* [EXERCISE INSTRUCTIONS]
Print the whole listing exactly as it appears, but skip the pictures.
• • • • • • •
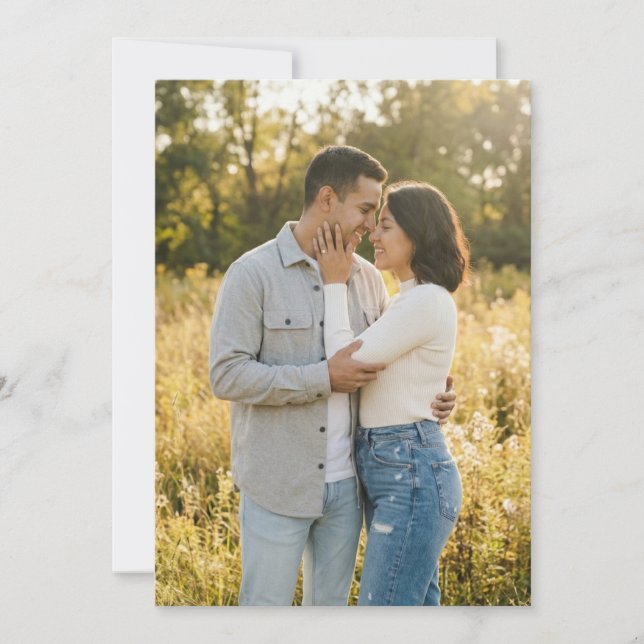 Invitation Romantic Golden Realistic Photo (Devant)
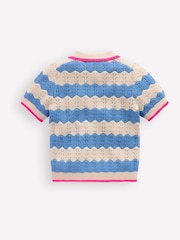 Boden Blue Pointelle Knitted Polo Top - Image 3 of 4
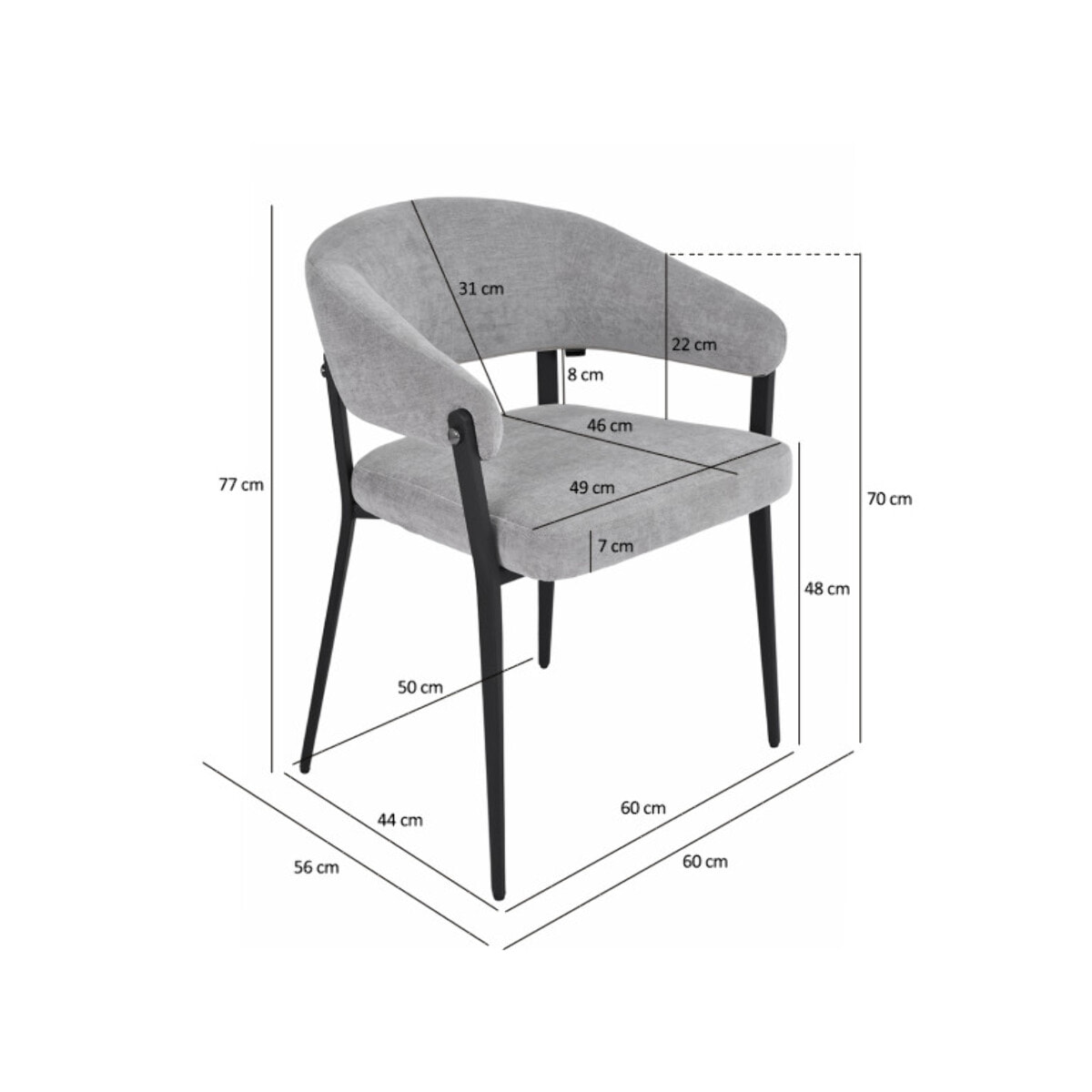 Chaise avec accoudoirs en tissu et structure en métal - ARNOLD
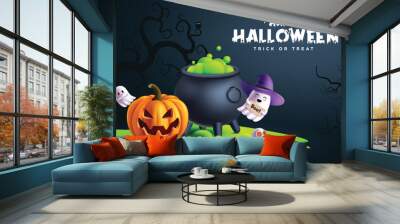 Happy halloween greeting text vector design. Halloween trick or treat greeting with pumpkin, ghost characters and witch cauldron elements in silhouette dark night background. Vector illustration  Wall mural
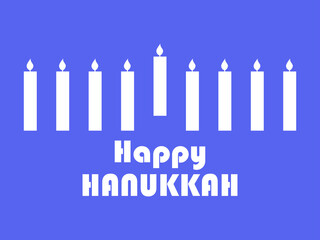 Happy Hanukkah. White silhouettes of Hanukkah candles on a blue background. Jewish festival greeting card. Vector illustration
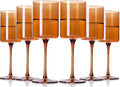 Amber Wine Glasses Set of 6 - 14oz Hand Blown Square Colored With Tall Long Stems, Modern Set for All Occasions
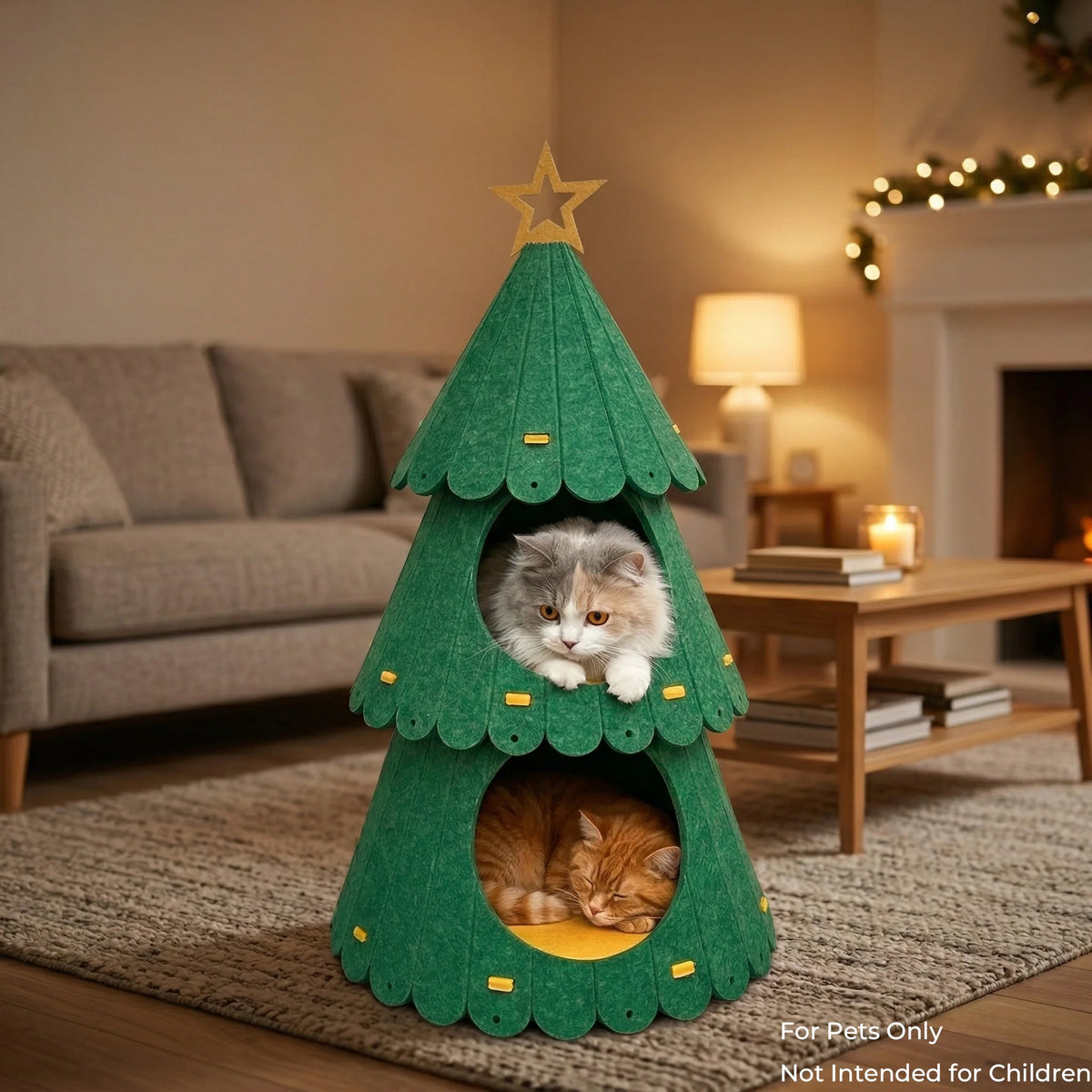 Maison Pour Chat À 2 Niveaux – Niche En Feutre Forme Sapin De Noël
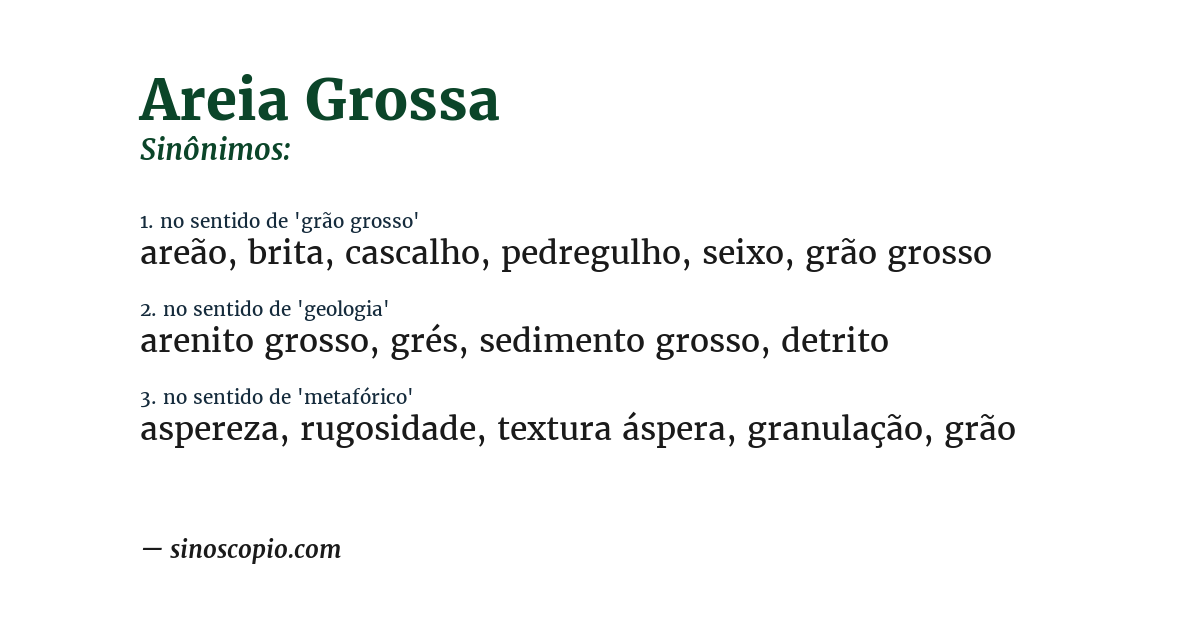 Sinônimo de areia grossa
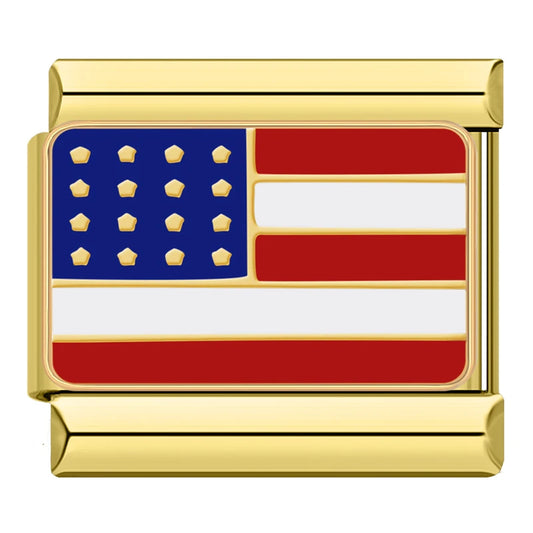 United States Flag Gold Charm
• • • • • • •
* [PROBLEM SOLUTION]
 Invitation Romantic Golden Realistic Photo (Devant)
 Boden Blue Pointelle Knitted Polo Top - Image 3 of 4
 Chaise avec accoudoirs en tissu et structure en métal - ARNOLD
 Happy halloween greeting text vector design. Halloween trick or treat greeting with pumpkin, ghost characters and witch cauldron elements in silhouette dark night background. Vector illustration  Wall mural
 Happy Hanukkah. White silhouettes of Hanukkah candles on a blue background. Jewish festival greeting card. Vector illustration
 Amber Wine Glasses Set of 6 - 14oz Hand Blown Square Colored With Tall Long Stems, Modern Set for All Occasions
 Maison Pour Chat À 2 Niveaux – Niche En Feutre Forme Sapin De Noël
 Sinônimo de areia grossa
 United States Flag Gold Charm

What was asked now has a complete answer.